Whatever the real reasons for that closure, we now live in a society where not only the British Isles history once taken for granted as essential knowledge for every Australian child, but most history, has been banished from most educational curricula, at least partly for reasons of political correctness. Often the memory of what was taught has also been banished, with the mantra of "the history I used to be taught at school was ... " followed by something along the lines of inaccurate, misleading, discredited and especially racist.
The feeling of clandestinely reading banned material adds to the pleasure of The Isles, by Norman Davies, the latest, mildly and pleasantly revisionist, history of the British Isles, from the cavemen to Tony Blair. It is a good book, but the reaction of reviewers has been intriguing. Many have greeted the book as a welcome corrective to the "triumphalism" said to have dominated past renderings of British history and to have warped the views of John Howard and Bob Menzies, among others.
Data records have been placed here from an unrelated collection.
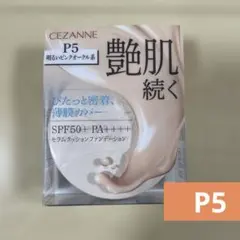 セザンヌ　セラムクッションファンデーション　P5のサムネイル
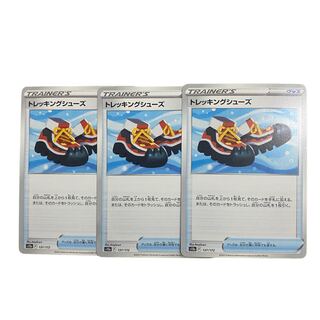 1534 [Pokémon Cards] Trekking Shoes, set of 3
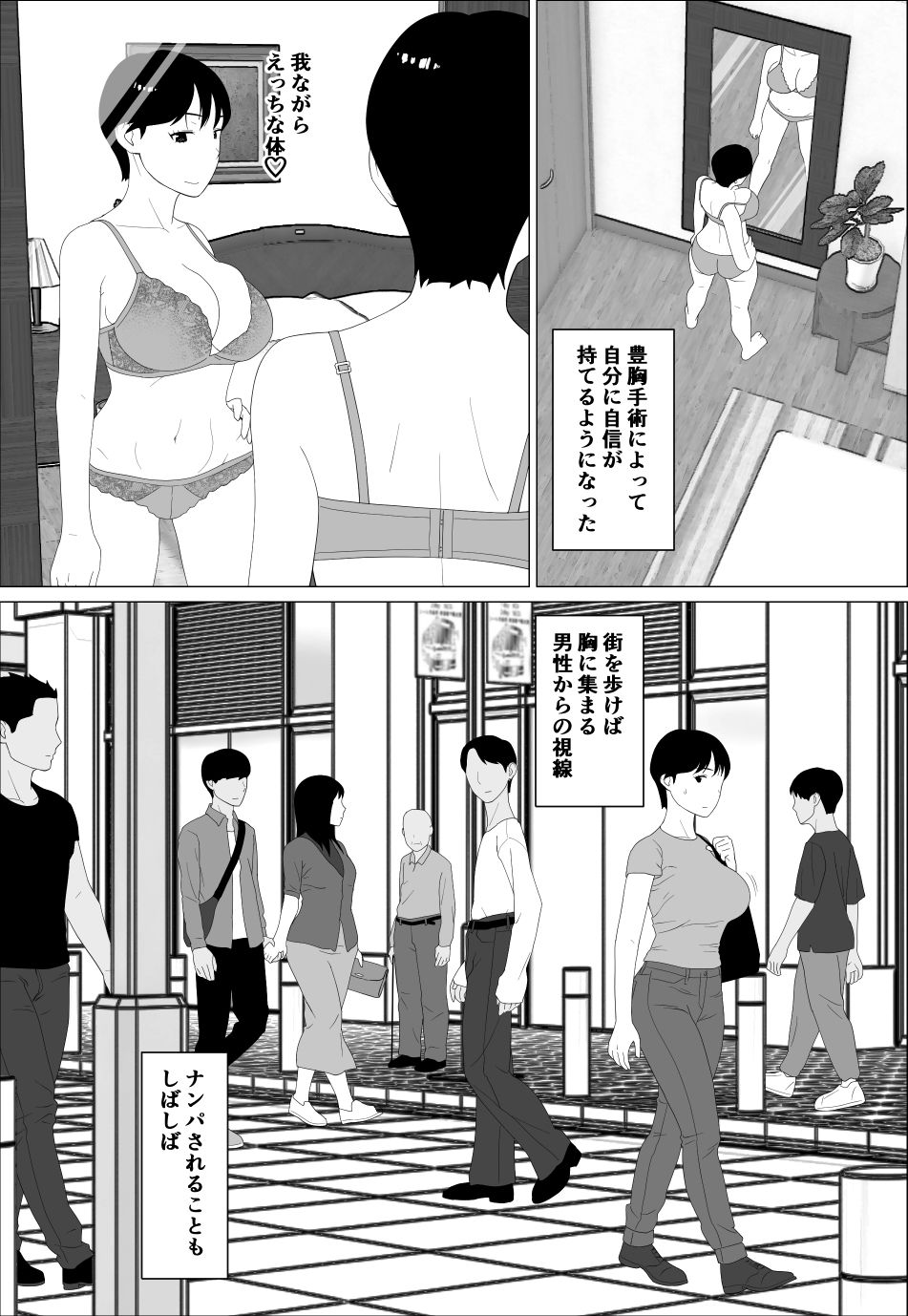 旦那とのレス解消のために豊胸したのにのサンプル画像2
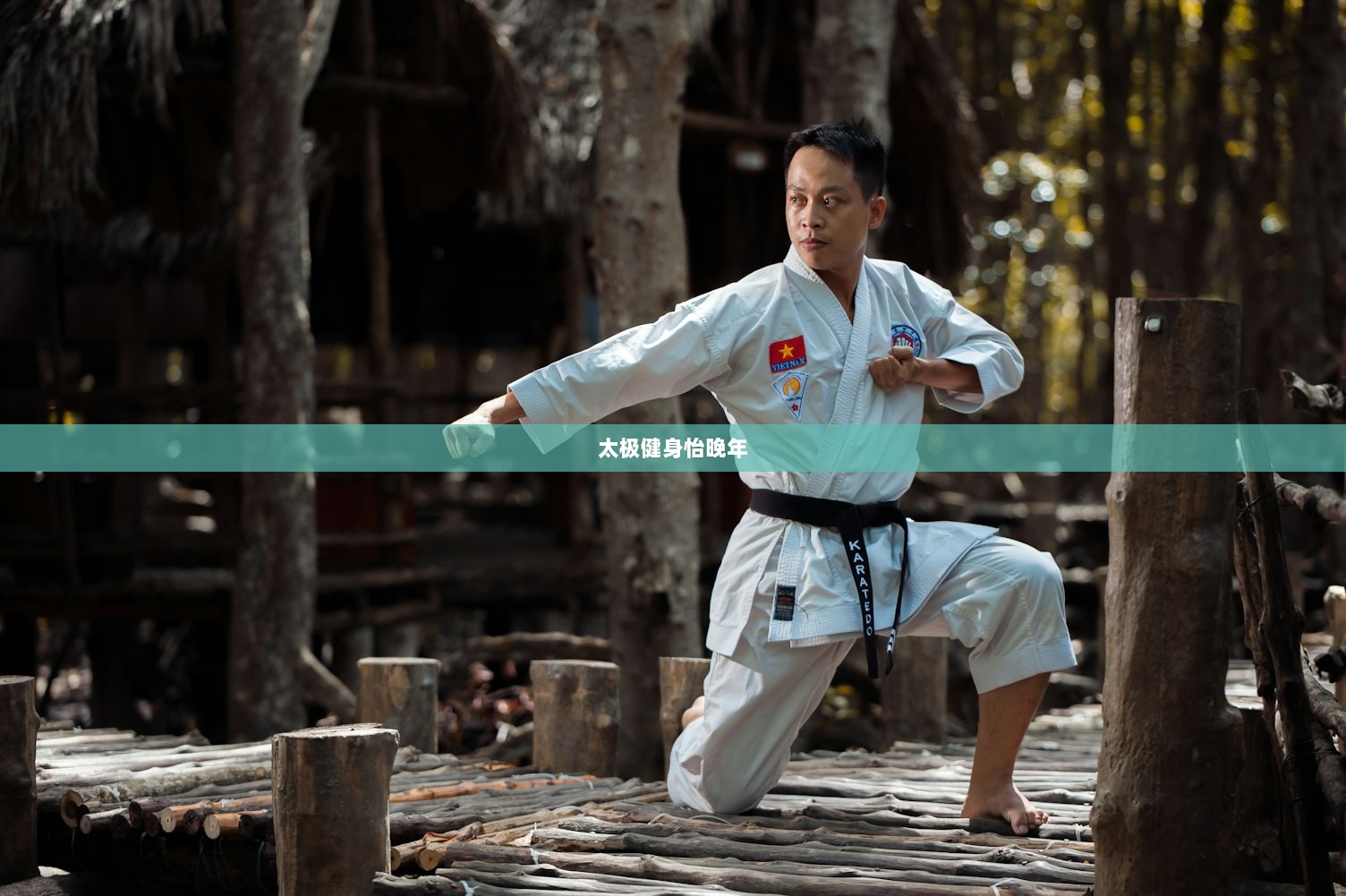 太极健身怡晚年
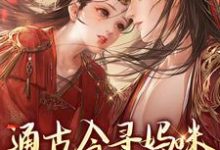 通古今寻妈咪,殿下你别拦路免费阅读,阮软软赵承乾大结局无弹窗-推文官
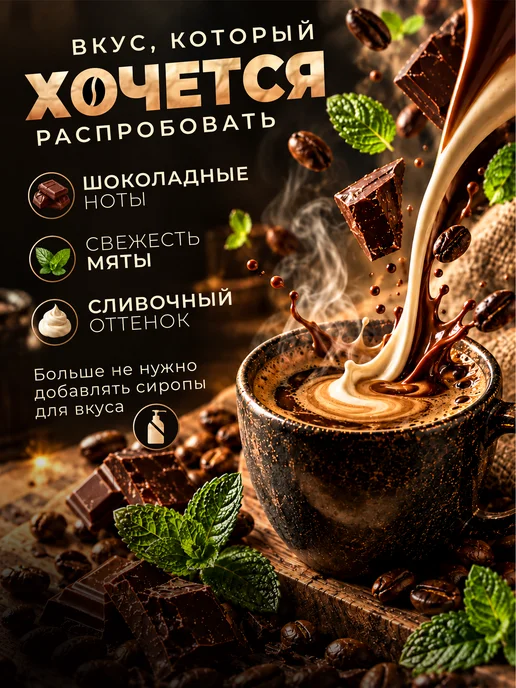 VINTAGE Superior Traditional TEA Десертный Кофе в зернах Мятный шоколад 100 г 100% Арабика, 100 г, фото 2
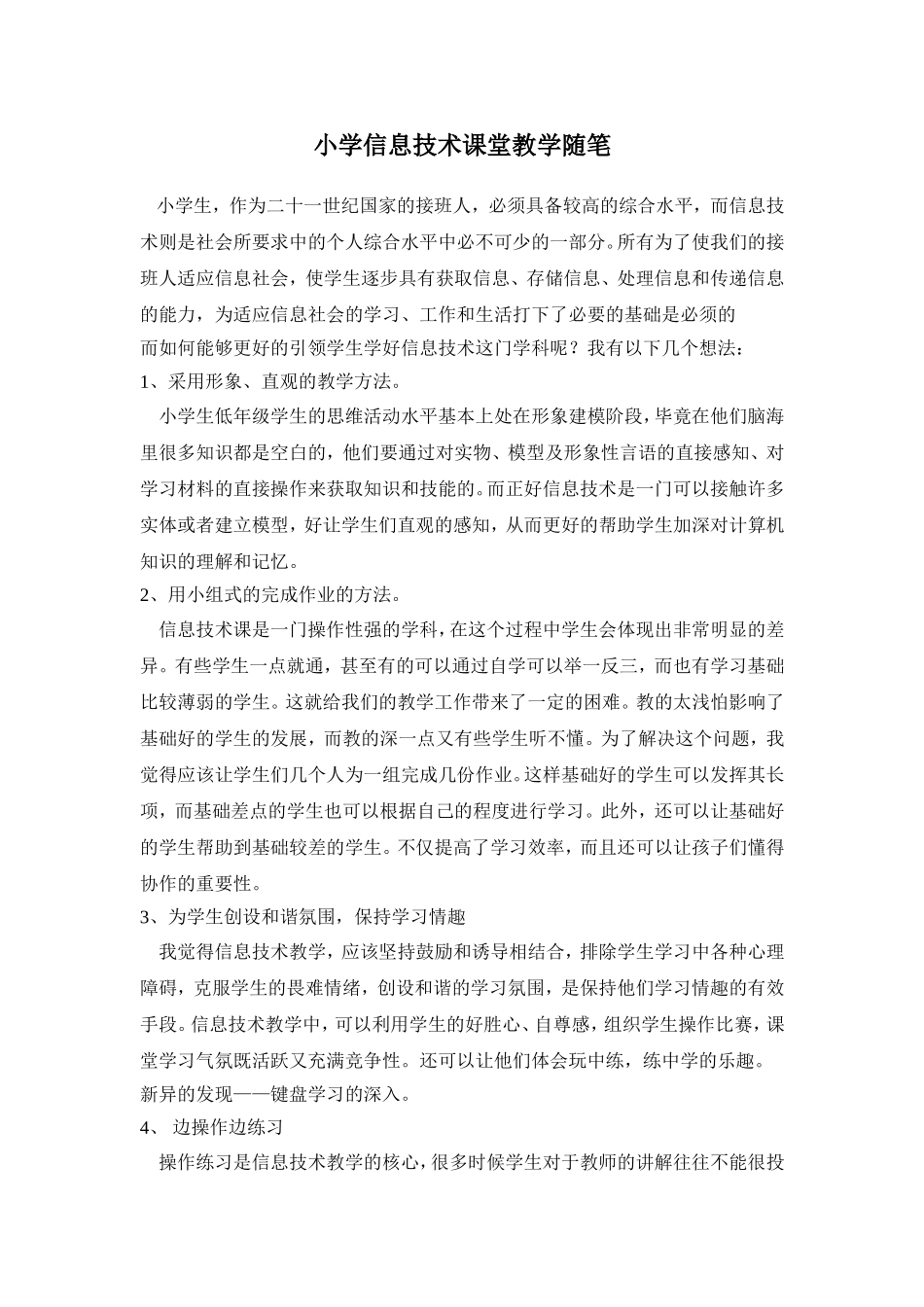 信息技术教学随想_第1页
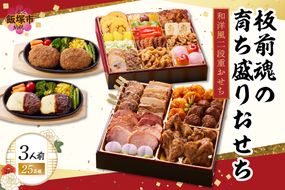 【D3-012】「板前魂の育ち盛りおせち」和洋風二段重おせち(3人前)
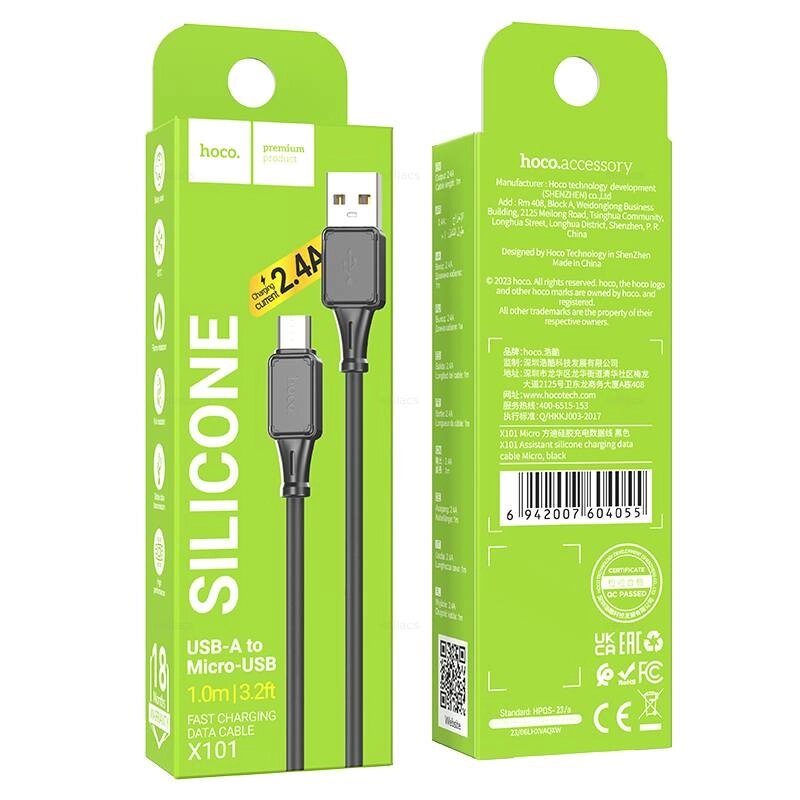 Кабель USB-MicroUSB Hoco X101 Assistant 2,4A силикон 1,0м Black м от компании Медиамир - фото 1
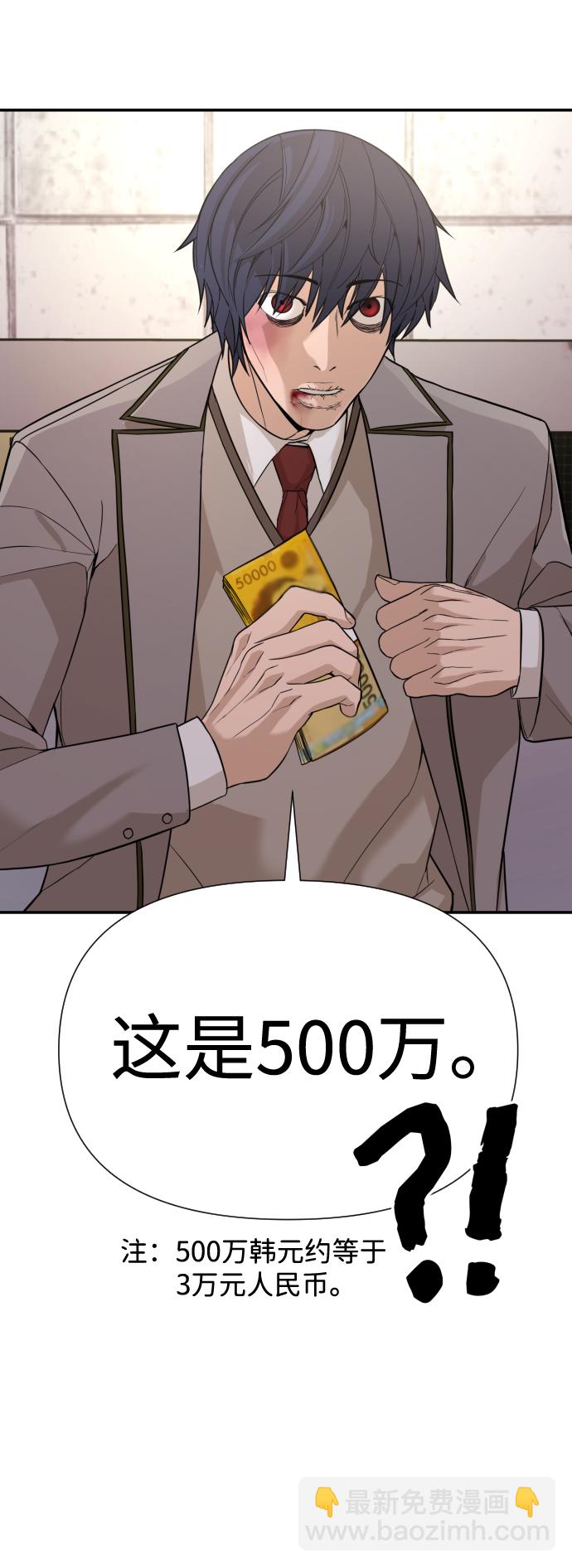 第3话64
The publishers seem to have grasped this view as a commercial bonus, seeing a huge pent-up thirst for Watergate-style uncovering of the true evil past. The paperback edition quotes, among the blurbs, from an extraordinary review in the Australian by David Day in which that Canberra academic historian says:
Davies is particularly concerned to counter the schools of nationalist historiography that have made the history of [the] isles synonymous with the mythical English history that tells a triumphant story spanning nearly nine hundred years ... The nationalist school stirred the hearts of children from Manchester to Melbourne and nourished the souls of men, such as Robert Menzies ... it is a history that marginalises the story of the other people who occupied those islands--including the Irish, Scots, Welsh and Norsemen--and elevates the English to a central place. Davies has marched from the margins to knock over those blustering mythologisers ...
Day's original review also named John Howard as having his pro-British pants thoroughly kicked by this book. Even extracts quoted in the blurbs from reviews in the conservative Financial Times and Economist in London laud the seeming debunk of patriotism. One even wonders from such reactions if The Isles, except that it is so hefty, might soon even be approved for a place in Australian school curricula, along with Aboriginal and Other Genocide and Depression Studies.
My difficulty with the view of Day and others like him is that it is plain wrong. There has been no great problem with misleading British (or pre-postmodern Australian) history. "Triumphalism" is easy to say and to accuse others of, but much harder to pin down among millions of words of historical writing over hundreds of years, of varying purposes and degrees of seriousness: "You mythologise, whereas I have insights."